La tige, dont il est la fleur, ayant ses racines en France s’épanouit, transplantée et grassement nourrie dans ces riches Flandres. Il gagna ses peuples, dont il n’avait pas le sang, par conquête d’abord, puis par autorité, prévenance, complaisance, attentions et délicatesses extrêmes. Ces bourgeois de Gand, de Bruges, de Bruxelles n’étaient pas faciles à manier, entendant garder leur prince pour eux, limitant l’emprise souveraine par leurs franchises et par leur arrogance, pointilleux sur leurs libertés, « étant telle l’imagination des vassaux et subjetz de mondit seigneur, dit son conseiller Hugues de Lannoy, que il n’est point tenu de exposer les personnes de luy et de ses susdits vassaux et subgetz sans rémuneracion ; » tous, commerçans exacts, proportionnant les sacrifices au profit. La tradition de ces princes et de ces peuples ne s’est pas perdue en terres flamandes.

Ainsi, prenant et pris tout ensemble, le duc Philippe est tenu de louvoyer sans cesse, jouant au plus fin, frappant et caressant. Ce vaillant homme, ce brutal, ce dépensier, ce voluptueux ne parle que de sagesse, de modération et de piété. Il a toujours à la bouche la cause de l’Eglise ; toute sa vie, il fut sur le point de partir pour la croisade ; mais il ne partit pas, se tenant aux tâches plus proches et plus fructueuses, non sans exciter railleries et brocards, dont peu lui chaut : « Aucuns pays ont cette coutume que quand ils se trouvent en banquets avec leurs amis et qu’ils ont la teste un peu échauffée de bonne chère, ils entrent en dévotion par compagnie et à l’envy font des vœux d’aller en Hiérusalem, à Rome, Nostre-Dame de Lorette ou à Saint-Jaques en Galice : et ne font guère, souvent, tels vœux le matin.
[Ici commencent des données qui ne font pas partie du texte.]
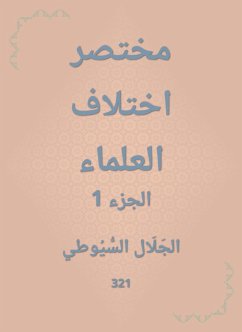 Cover Abbreviated scholars (eBook, ePUB)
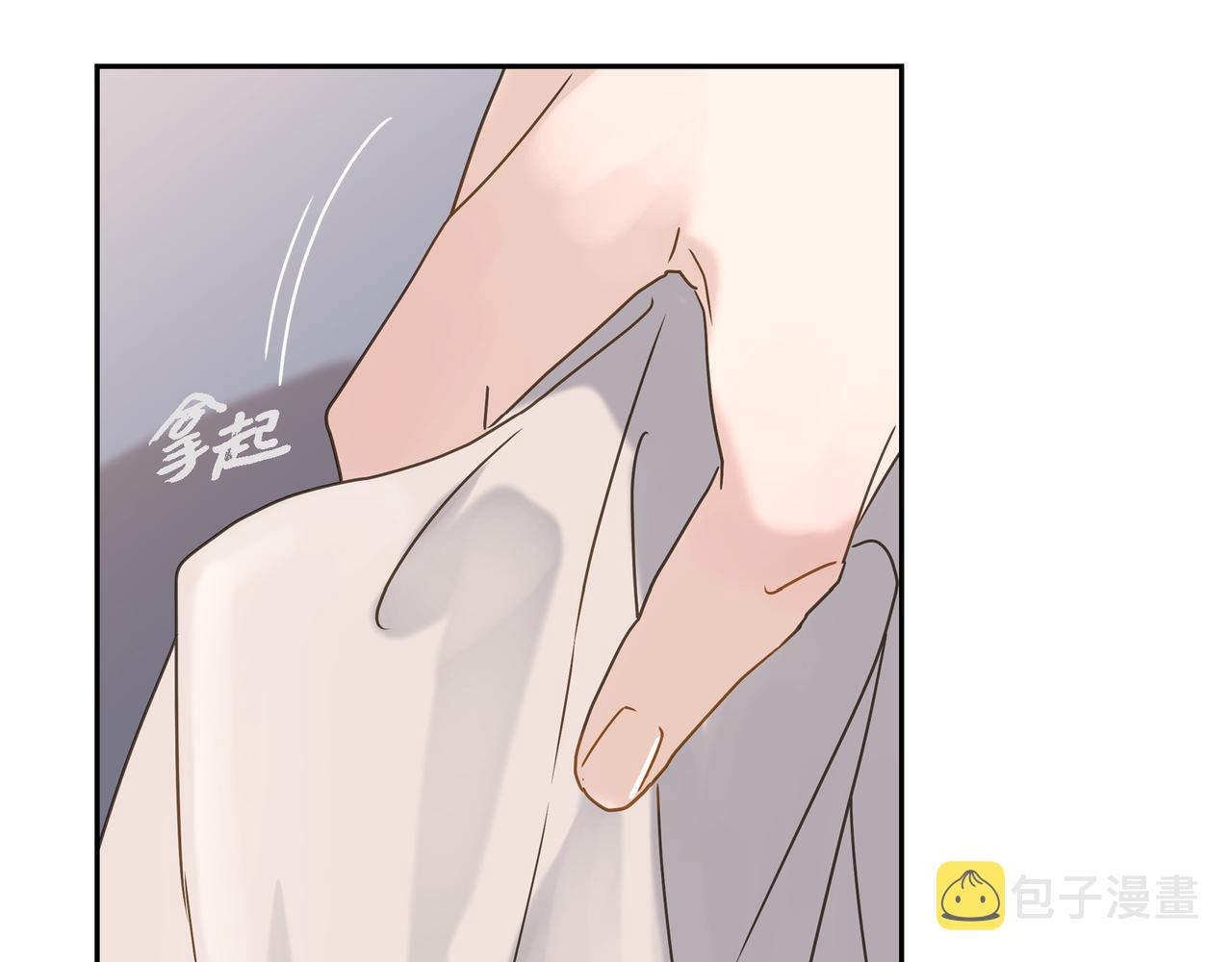 第3话 我没画过不好看的135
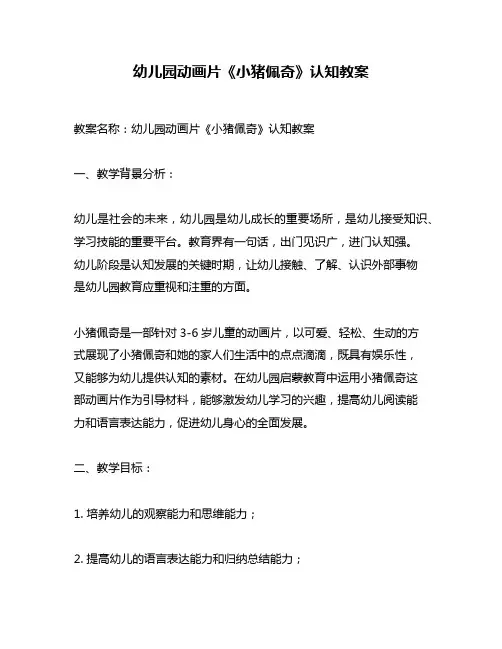 幼儿园动画片《小猪佩奇》认知教案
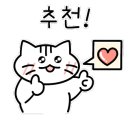 365영통탑약국 이미지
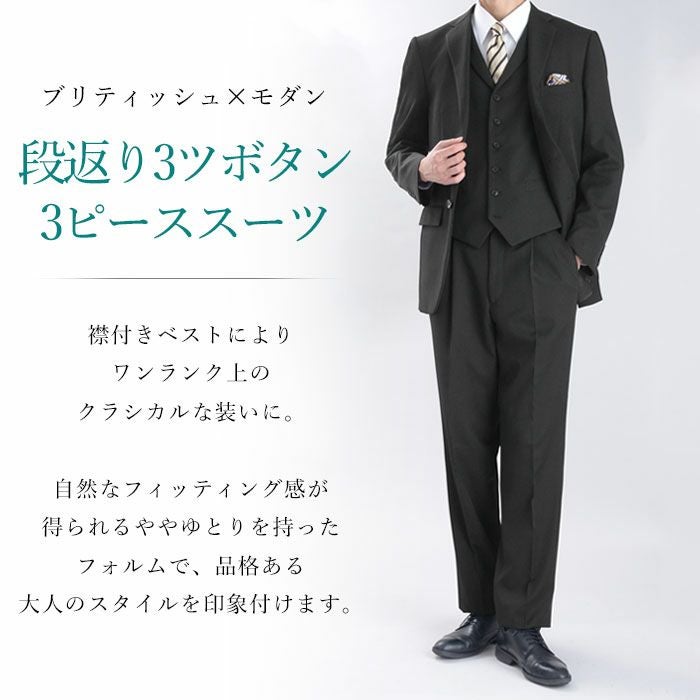 3点セット スリーピース スーツ 襟付きベスト付 ブリティッシュ 段返り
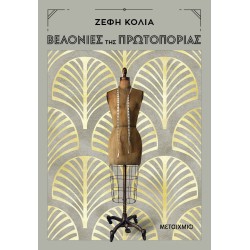 ΒΕΛΟΝΙΕΣ ΤΗΣ ΠΡΩΤΟΠΟΡΙΑΣ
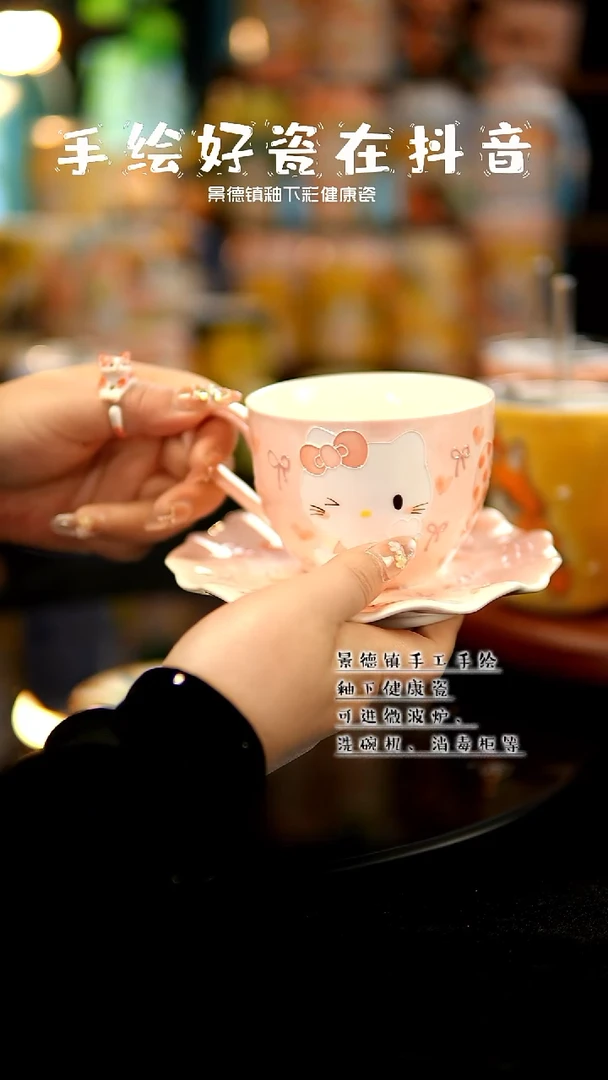 景德镇手绘陶瓷&A513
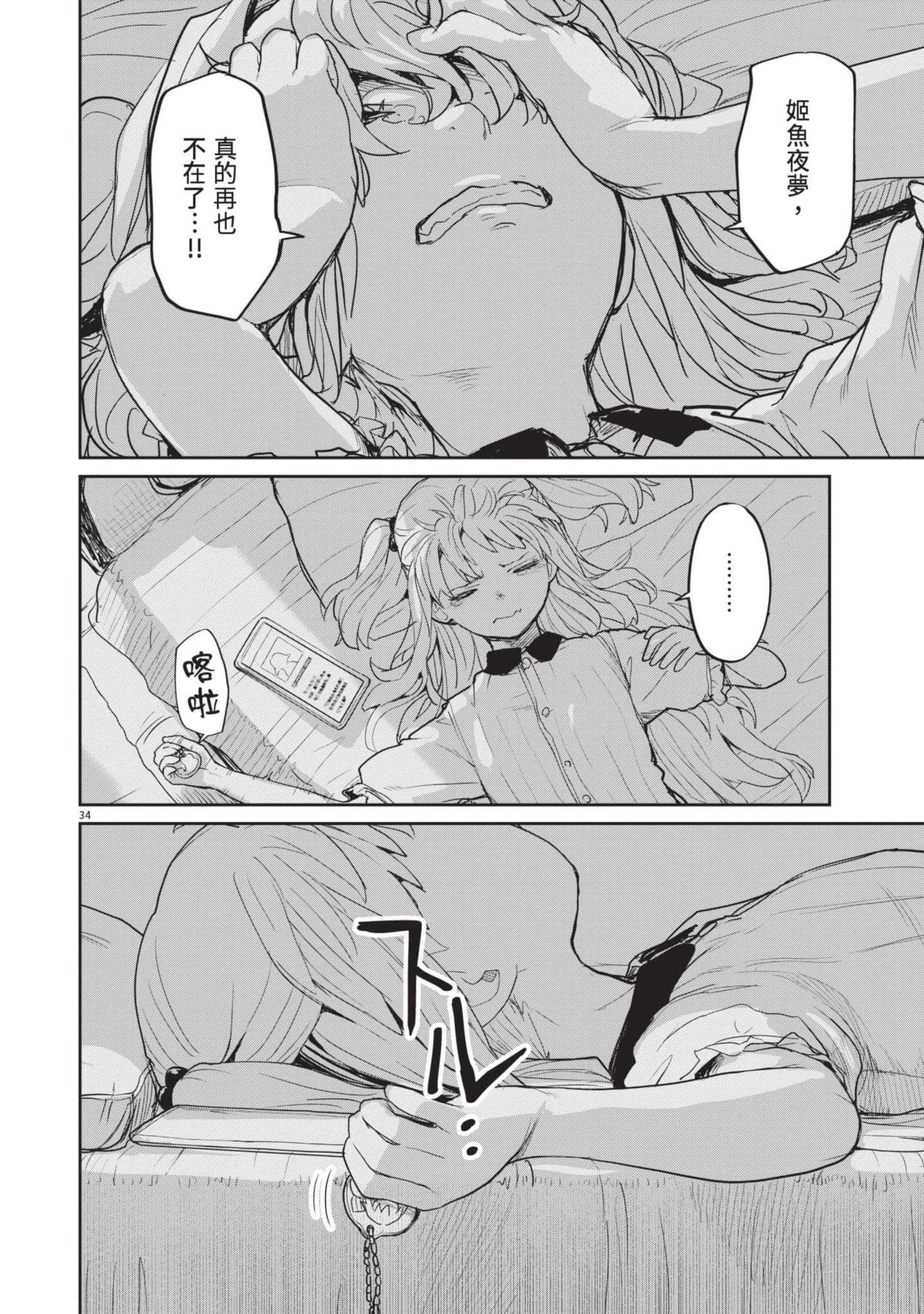 怪异×少女×神隐【1-80话 61-80是生肉】【怪異と乙女と神隠し／怪異與少女與神隱】-4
J’ay ouy dire que les Flamands et aucuns Allemans qui vont chantans par les rues, en ce royaume, en leur liffreloffre, sont coustumiers de faire tels entreprises[1]. »

Compulseur de dossier et amateur de beuveries, « couché

  1. Guillaume Paradin, Annales de Bourgogne, cité par G. Doutrepont. La Littérature française à la Cour des ducs de Bourgogne (p. 513).